「農民文学」第297号に農民文学賞受賞作「赤いトマト」掲載
第58回日本農民文学会総会が4月29日に開催され、農民文学賞受賞の「赤いトマト」宇梶紀夫さんへの贈呈式と懇親会が行われた。《参照:「第55回農民文学賞」詳細記事》
季刊「農民文学」の表紙のクレヨン画を担当しているは小島富司氏であるが、長年わたり農民文学賞の選者をしている直木賞作家・詩人の伊藤桂一氏の肖像画を描いて、贈呈したという。伊藤桂一氏は「うまいものだね。ささっと描いてしまうのだね」と気に入っていた。そこで、記念に写真を撮らせてもらった。

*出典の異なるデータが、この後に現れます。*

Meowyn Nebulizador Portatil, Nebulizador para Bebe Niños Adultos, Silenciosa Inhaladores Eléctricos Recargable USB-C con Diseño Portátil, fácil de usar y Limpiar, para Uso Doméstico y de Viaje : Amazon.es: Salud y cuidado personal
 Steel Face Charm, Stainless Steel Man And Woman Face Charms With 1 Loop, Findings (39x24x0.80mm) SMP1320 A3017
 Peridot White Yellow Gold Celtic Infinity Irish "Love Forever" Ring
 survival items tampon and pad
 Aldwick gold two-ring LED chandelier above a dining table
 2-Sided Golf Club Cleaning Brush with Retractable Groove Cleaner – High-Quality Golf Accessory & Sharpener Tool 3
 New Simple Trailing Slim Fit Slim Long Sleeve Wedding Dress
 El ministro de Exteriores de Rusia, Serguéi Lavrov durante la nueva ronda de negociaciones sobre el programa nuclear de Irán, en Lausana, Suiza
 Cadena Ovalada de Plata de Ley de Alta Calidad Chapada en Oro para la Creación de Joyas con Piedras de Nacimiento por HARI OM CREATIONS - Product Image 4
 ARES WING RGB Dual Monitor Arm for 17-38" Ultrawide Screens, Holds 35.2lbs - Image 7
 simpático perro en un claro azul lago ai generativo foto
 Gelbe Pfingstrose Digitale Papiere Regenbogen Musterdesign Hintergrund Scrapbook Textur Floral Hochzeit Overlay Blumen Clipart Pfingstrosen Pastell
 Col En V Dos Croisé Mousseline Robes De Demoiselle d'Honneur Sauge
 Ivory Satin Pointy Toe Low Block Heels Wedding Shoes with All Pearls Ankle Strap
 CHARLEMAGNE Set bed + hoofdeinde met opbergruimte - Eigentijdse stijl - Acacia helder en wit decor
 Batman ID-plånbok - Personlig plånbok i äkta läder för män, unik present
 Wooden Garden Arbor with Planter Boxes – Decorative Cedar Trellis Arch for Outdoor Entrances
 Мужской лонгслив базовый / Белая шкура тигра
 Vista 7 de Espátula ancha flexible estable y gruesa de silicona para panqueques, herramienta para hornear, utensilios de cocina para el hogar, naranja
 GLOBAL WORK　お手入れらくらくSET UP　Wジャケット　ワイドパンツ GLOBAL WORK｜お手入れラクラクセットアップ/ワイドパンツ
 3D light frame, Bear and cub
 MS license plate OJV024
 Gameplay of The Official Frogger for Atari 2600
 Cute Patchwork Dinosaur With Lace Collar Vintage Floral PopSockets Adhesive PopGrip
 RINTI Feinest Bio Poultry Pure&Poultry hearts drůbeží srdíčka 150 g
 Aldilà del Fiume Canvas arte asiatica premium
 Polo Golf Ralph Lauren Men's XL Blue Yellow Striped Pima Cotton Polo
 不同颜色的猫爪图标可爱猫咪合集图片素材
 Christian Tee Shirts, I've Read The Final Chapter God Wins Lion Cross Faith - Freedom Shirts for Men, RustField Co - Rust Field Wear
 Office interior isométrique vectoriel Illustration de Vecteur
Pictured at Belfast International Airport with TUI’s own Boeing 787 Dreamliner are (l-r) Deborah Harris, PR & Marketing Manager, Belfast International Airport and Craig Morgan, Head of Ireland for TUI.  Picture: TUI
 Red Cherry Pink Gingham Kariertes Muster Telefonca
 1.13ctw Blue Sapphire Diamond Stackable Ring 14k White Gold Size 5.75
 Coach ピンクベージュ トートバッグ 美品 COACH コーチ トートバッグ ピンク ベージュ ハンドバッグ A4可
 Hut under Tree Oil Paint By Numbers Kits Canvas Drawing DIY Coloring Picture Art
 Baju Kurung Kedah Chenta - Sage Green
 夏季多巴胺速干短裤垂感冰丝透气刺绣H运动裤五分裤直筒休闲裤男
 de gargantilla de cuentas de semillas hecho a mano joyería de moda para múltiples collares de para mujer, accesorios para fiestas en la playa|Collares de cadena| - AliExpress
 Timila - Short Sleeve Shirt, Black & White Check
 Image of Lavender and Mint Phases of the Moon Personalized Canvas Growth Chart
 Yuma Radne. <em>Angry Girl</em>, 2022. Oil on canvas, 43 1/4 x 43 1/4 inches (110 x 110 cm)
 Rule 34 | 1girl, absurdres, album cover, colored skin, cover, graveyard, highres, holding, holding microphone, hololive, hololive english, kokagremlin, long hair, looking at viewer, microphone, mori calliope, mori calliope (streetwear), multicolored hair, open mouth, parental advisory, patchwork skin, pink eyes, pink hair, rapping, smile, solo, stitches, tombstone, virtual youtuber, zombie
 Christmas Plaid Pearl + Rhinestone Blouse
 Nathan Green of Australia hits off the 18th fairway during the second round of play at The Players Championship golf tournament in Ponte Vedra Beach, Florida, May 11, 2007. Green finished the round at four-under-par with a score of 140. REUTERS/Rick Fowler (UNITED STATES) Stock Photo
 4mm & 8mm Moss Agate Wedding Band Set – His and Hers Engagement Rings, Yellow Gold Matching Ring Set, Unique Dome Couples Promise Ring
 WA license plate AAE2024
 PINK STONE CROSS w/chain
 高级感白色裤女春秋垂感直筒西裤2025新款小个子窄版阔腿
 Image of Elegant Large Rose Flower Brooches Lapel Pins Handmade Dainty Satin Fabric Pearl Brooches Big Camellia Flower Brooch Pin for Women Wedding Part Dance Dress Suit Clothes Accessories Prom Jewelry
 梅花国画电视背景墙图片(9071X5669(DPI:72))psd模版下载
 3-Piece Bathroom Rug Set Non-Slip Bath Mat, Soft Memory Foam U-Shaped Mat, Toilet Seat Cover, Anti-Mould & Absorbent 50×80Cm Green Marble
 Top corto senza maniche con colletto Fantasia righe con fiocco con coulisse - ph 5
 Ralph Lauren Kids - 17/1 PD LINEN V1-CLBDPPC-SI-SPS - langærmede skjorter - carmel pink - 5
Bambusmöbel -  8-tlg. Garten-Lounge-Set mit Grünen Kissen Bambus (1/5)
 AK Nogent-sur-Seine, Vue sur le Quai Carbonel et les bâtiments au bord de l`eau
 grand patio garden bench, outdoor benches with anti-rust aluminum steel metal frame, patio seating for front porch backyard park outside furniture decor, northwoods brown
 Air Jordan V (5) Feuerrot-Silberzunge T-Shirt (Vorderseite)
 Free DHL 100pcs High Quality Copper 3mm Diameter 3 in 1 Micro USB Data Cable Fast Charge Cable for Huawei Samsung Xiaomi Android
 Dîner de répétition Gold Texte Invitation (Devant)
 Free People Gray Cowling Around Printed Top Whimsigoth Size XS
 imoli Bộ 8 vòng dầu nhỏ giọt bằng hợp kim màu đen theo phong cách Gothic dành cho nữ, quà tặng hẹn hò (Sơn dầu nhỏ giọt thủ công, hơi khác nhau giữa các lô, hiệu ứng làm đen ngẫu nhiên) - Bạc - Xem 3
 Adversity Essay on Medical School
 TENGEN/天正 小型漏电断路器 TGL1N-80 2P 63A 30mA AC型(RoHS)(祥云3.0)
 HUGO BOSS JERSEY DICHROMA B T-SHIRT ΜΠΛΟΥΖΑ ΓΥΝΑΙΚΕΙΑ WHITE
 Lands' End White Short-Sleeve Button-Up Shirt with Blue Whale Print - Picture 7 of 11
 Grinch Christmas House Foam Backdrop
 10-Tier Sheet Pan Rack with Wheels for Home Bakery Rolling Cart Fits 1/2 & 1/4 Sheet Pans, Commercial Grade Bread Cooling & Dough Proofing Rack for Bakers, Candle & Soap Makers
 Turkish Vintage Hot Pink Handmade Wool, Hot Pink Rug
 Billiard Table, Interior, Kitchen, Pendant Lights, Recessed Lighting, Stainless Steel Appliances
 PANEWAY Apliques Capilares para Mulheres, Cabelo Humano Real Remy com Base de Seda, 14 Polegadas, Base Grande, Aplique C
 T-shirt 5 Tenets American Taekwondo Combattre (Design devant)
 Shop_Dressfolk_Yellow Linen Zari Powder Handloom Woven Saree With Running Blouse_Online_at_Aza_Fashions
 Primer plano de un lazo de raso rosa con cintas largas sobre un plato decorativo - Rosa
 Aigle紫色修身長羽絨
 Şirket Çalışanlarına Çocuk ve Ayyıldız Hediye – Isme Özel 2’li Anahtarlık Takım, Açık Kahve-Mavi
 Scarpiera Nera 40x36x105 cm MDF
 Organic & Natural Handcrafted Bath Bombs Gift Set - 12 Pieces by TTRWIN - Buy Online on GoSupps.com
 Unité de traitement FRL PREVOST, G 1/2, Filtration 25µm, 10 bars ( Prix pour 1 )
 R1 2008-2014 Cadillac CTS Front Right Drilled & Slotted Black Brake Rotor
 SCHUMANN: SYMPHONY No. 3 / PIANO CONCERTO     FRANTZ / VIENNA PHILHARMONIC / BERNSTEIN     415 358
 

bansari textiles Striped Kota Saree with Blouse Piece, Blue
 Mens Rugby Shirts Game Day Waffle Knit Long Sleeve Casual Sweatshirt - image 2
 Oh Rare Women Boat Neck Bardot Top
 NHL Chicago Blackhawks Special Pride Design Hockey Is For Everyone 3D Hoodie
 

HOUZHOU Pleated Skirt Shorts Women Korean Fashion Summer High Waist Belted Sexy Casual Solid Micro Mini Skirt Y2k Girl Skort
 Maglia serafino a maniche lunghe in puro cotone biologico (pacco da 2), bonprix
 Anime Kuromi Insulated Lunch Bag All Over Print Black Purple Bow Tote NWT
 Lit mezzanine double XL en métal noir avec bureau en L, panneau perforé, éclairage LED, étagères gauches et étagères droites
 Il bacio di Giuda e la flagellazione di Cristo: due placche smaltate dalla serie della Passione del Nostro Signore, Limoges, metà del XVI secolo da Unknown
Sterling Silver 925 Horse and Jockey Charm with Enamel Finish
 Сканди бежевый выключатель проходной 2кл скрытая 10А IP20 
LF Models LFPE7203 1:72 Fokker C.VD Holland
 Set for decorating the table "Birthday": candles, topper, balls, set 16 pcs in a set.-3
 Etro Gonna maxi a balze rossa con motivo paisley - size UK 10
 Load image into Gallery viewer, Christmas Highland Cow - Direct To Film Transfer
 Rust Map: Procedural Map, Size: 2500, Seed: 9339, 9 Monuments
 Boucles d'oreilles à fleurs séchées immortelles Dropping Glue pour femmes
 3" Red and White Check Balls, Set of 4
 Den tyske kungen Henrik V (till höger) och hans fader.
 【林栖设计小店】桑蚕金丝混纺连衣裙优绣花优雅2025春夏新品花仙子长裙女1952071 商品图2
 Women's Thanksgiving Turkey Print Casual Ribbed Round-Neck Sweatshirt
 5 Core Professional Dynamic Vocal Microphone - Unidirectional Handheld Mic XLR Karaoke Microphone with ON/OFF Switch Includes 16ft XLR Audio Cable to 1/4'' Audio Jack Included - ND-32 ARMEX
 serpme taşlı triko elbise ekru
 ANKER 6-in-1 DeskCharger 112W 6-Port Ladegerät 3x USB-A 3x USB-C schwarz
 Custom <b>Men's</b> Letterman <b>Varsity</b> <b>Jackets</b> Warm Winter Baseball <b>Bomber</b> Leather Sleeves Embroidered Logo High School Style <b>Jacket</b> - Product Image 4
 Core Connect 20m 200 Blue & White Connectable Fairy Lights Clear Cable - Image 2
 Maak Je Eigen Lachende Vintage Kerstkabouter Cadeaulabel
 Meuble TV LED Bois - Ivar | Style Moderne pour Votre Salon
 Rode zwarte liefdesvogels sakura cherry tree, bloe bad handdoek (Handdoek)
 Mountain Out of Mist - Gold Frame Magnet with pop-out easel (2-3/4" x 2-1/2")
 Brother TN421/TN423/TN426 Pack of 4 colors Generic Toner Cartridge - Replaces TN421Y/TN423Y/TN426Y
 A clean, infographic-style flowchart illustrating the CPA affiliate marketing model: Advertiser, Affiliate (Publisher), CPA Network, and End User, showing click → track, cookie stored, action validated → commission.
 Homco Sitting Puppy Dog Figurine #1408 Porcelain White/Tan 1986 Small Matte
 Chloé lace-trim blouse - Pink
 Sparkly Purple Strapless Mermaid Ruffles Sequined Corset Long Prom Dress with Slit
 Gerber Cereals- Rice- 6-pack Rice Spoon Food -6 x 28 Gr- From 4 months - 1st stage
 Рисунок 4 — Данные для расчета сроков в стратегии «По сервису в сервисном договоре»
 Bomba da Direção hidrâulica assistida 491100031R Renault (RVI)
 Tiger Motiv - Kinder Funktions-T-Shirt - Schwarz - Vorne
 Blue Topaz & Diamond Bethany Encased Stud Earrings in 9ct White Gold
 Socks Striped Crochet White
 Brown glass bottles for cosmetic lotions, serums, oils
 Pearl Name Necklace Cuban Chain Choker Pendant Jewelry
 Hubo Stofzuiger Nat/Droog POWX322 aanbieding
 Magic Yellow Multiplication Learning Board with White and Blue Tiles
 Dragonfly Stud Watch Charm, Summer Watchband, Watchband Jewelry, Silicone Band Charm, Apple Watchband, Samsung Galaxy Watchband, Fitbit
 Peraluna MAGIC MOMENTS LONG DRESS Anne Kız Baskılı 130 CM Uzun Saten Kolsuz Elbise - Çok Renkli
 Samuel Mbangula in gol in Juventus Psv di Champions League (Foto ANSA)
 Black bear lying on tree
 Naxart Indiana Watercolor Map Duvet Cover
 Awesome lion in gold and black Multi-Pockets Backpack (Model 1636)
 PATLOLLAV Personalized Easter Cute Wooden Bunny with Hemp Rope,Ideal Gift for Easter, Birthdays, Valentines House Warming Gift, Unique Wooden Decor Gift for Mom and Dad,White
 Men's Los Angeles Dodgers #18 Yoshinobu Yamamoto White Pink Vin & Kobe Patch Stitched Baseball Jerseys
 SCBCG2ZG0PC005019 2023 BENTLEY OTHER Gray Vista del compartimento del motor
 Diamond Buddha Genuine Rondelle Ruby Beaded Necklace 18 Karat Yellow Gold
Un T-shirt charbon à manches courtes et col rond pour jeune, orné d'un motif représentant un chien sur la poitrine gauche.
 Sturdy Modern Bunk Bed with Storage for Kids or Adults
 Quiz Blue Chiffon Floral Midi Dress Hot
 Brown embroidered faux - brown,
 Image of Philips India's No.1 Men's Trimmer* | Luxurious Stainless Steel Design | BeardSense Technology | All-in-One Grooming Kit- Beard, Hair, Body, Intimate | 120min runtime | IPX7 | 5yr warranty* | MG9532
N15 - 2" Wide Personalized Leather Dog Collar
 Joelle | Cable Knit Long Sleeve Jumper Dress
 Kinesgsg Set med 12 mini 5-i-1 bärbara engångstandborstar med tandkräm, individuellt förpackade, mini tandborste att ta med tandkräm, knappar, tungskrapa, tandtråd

ところで、第55回農民文学賞の宇梶紀夫さんの小説「赤いトマト」に話であるが、起承転結の転の部文が3・11の大津波である。第3段階にあたる書きどころで、ぼくという一人称でありながら周囲をよく観察し、それぞれの立場の登場人物を多数を書き分けて、第3人称かドキュメンタリーのような場面展開に成功させている。こうして、終章に移行し切れ味のよい結末にしている。ここに微妙なバランスで物語を展開させる技術が発揮させている。
ただ、こうした手法は、人間の活動を外面から大きくとらえるのに適しており、基本は大衆小説に適している。逆に言えば宇梶紀夫氏には大衆小説作家としての才気を見せたものとして注目に値する。